In this exercise, retype exactly the lines from the start of the entries through the line bearing "Camiseta gris de", leaving every picture out.

● ● ● ●

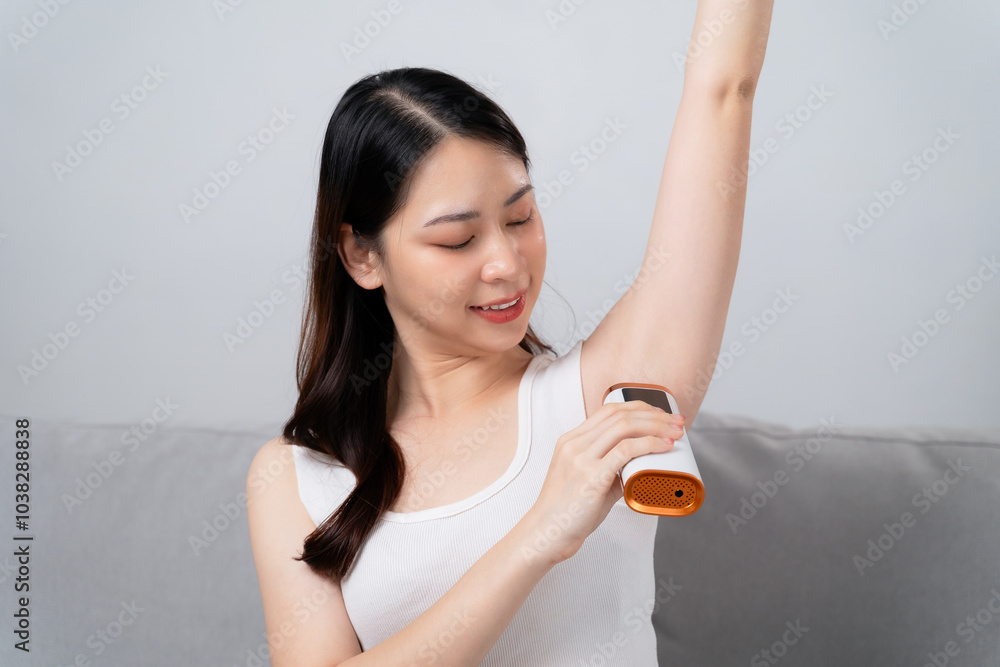 A beautiful woman is epilating her armpits using an IPL laser hair removal epilator device A beautiful woman is epilating her armpits using an IPL laser hair removal epilator device
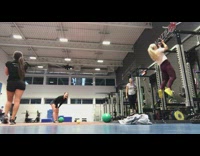 Girl bounces green medicine ball hits face 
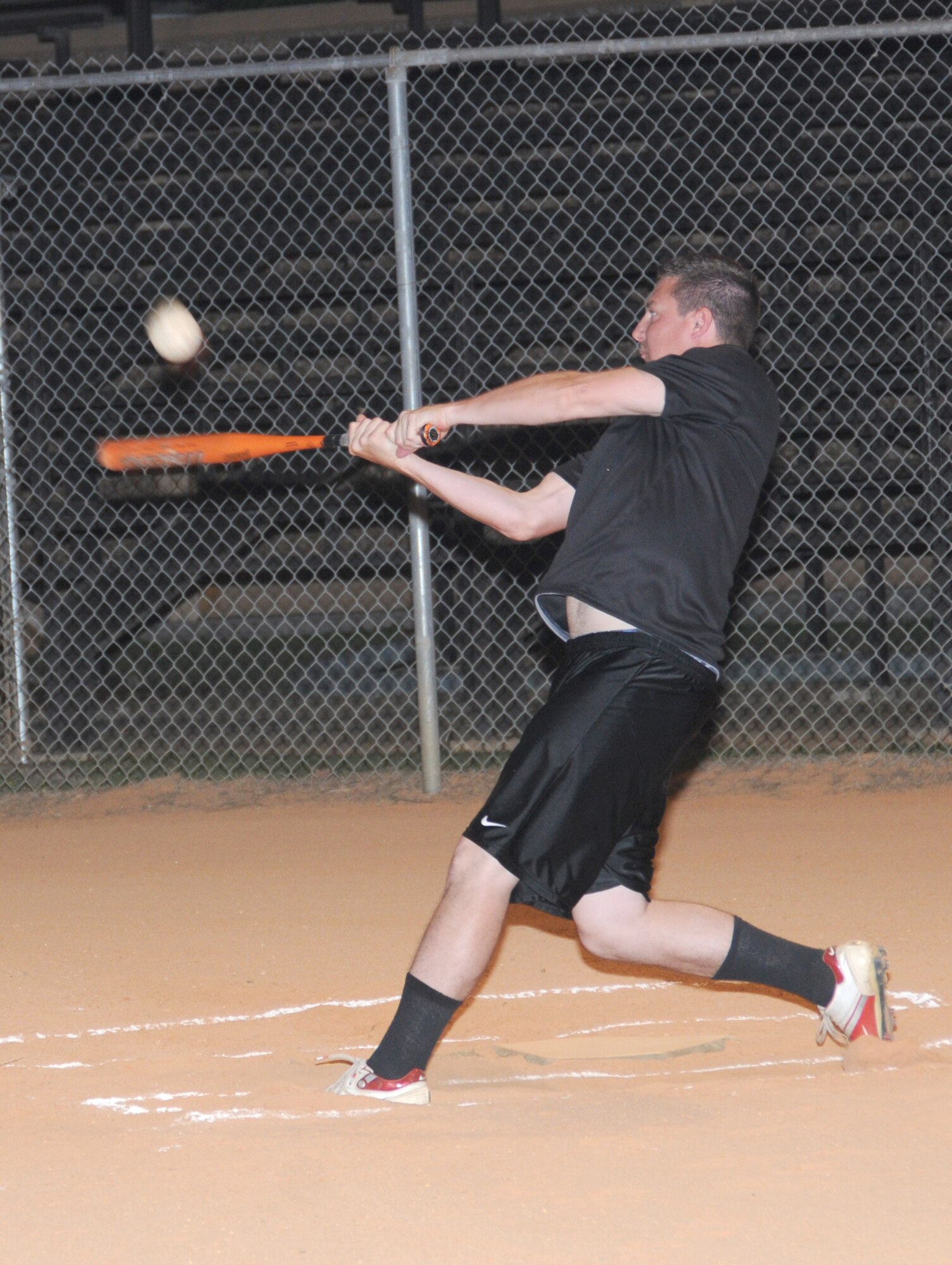 Nickolas Holbrook, a student in the 336th Training Squadron, takes a swing during Saturday’s midnight softball tournament. The Red Wolves beat the first sergeants team in this game, but two teams from the 338th TRS met in the final game, with the 338th TRS Bananas coming out on top.  The event was intended to offer students an alternative to alcohol, and no students were cited for alcohol-related offenses over the weekend.  (U.S. Air Force photo by Kemberly Groue)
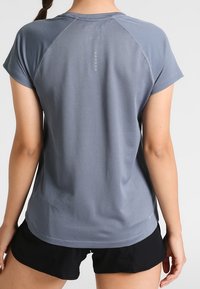 Camiseta gris de rendimiento con mangas cortas, tejido texturizado y dobladillo curvado. Presenta un logo sutil en la parte trasera. Combinada con pantalones cortos negros.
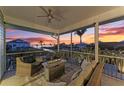 Relaxing screened-in porch with comfortable seating and views of the gorgeous sunset over the canal at 1918 Massachusetts Ave, Englewood, FL 34224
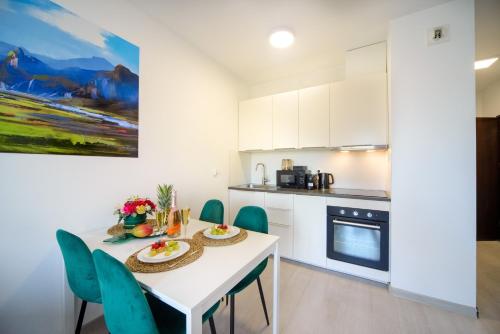 a kitchen with a white table and blue chairs at Maya's Apartments in Gdańsk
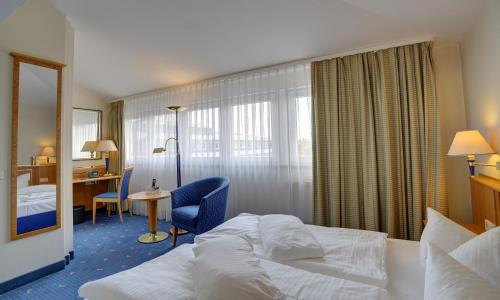 马格德堡ACHAT Hotel Magdeburg的配有一张床和一张书桌的酒店客房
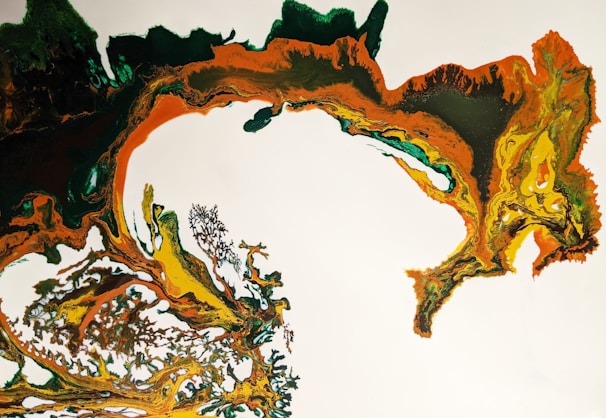 An abstract acrylic canvas featuring swirling patterns of green, yellow, and orange.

● ● ● ●

• Response to this task
 A beautiful woman is epilating her armpits using an IPL laser hair removal epilator device A beautiful woman is epilating her armpits using an IPL laser hair removal epilator device
 Girl bounces green medicine ball hits face 
 Nickolas Holbrook, a student in the 336th Training Squadron, takes a swing during Saturday’s midnight softball tournament. The Red Wolves beat the first sergeants team in this game, but two teams from the 338th TRS met in the final game, with the 338th TRS Bananas coming out on top.  The event was intended to offer students an alternative to alcohol, and no students were cited for alcohol-related offenses over the weekend.  (U.S. Air Force photo by Kemberly Groue)
 Camiseta gris de rendimiento con mangas cortas, tejido texturizado y dobladillo curvado. Presenta un logo sutil en la parte trasera. Combinada con pantalones cortos negros.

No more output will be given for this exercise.